The Development of Painting: What Next?

The question of what direction painting should take next has been gnawing at me. As a painter, I am not satisfied with learning a set of skills and simply applying them to make a pretty picture; this is easily done. I am concerned with making a contribution to the development of art, and with moving it in some direction. But these days that is not easy, and may not be possible, and it may not even be relevant. Painting has gone from realism to total abstraction and back. Is there a “direction” in which painting can be taken, or is it simply a matter of finding a unique and interesting style?

Western painting over the centuries before the impressionists was concerned with trying to make accurate representations of things and people. This is understandable, as there were no cameras, and such things needed to be drawn or painted to preserve their images. Some artists varied the way that was done, such as el Greco and Caravagio, and some artists did it better than others, but the point was still to create a recognizable image.

The impressionists used a looser painting style to manipulate light, which bordered on the abstract, but which always had the goal of producing an image. These painters broke from the tradition and opened a door to Picasso and his contemporaries to move on and try other things. Picasso, who, by the way, could paint and draw like the old masters from the time he was a child, worked for years to develop painting beyond what the impressionists had done. His early works reflect an impressionist influence, but quickly moved to a distinct style in the blue and rose periods. If Picasso had continued in this style, he would have been looked at as mere extension of the impressionists. He did not, and with Les Mademoiselles d’Avignon (1907), he single-handedly marked the beginning of cubism.

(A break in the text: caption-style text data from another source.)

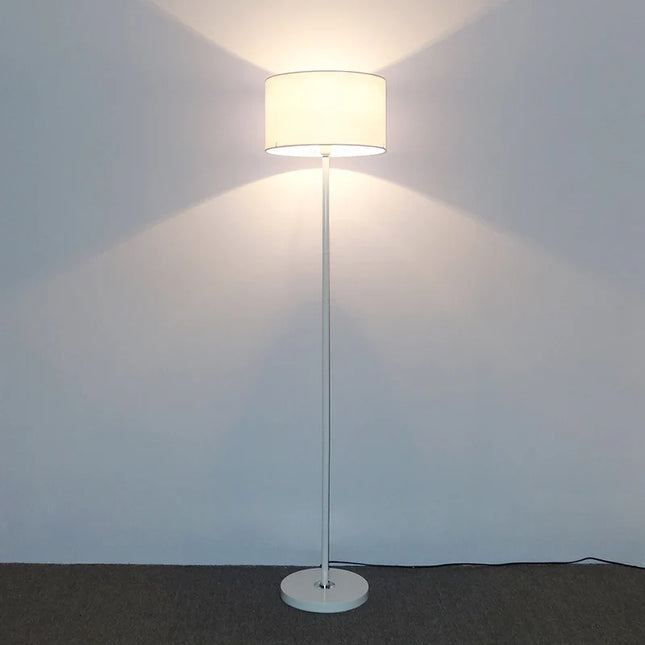 Lampe de chevet minimaliste à interrupteur au pied créatif — LZ4X9J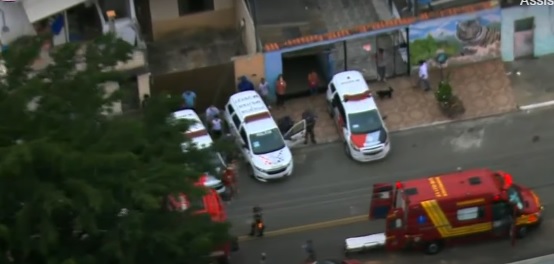 Imagem aérea mostra viaturas de polícia e ambulância paradas em rua do Itaim Paulista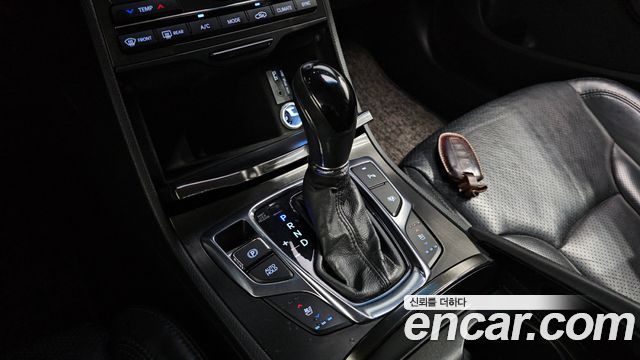 Hyundai Grandeur 2016 — photo 9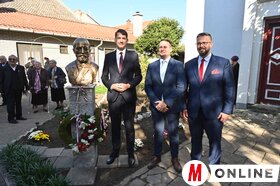 Jókai Mór szobra Pancsova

Picasso’s paintings, and all that came after (with one or two exceptions) were still intended to represent something. At the same time Picasso was working, other artists were making paintings ranging from those with abstract imagery, to those with no imagery. I do not know when all imagery was first taken from painting, but the most notable event was the invention of the “all over” paintings and the drip paintings of Jackson Pollock.

Pollock’s paintings are interesting to look at, and I like them, including those made before the drip paintings. He only made the drip paintings for a short time, and then went on to try and find something else, a quest that was largely unsuccessful before he died. But with the drip paintings he set painters free. There were no longer any rules of composition, and it was the act of painting that was important. The only resemblance these works have to anything that came before is that they consisted of paint on canvas. He only used a brush to cause the paint to drip, and painted on the floor, rather than an easel.

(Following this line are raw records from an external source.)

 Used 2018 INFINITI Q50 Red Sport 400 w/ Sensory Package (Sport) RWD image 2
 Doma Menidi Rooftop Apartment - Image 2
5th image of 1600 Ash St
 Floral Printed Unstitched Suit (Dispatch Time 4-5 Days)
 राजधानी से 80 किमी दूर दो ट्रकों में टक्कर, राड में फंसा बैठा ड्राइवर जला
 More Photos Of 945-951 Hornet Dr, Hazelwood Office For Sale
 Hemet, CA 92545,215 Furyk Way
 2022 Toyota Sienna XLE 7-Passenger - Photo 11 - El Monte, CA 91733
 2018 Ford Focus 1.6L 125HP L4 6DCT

What is really important about the painters from the impressionists through Pollock, is that they were consciously working to find something new. Not just a unique style, but a new way to represent things and light, and a new direction for painting. Can we do that today, that conscious searching for a new direction, or are we reduced to simply finding a unique signature style and sticking with it?

Consider that in painting anything goes. We can paint (and sell) photo realistic work. We can paint (and sell) minimalist work. We can do the same thing with work in an impressionist style, and work that is purely abstract. So what is the challenge for the artist? The challenge is to find a unique style that is identified only with that painter, while not being an imitation of others. This is all we can do.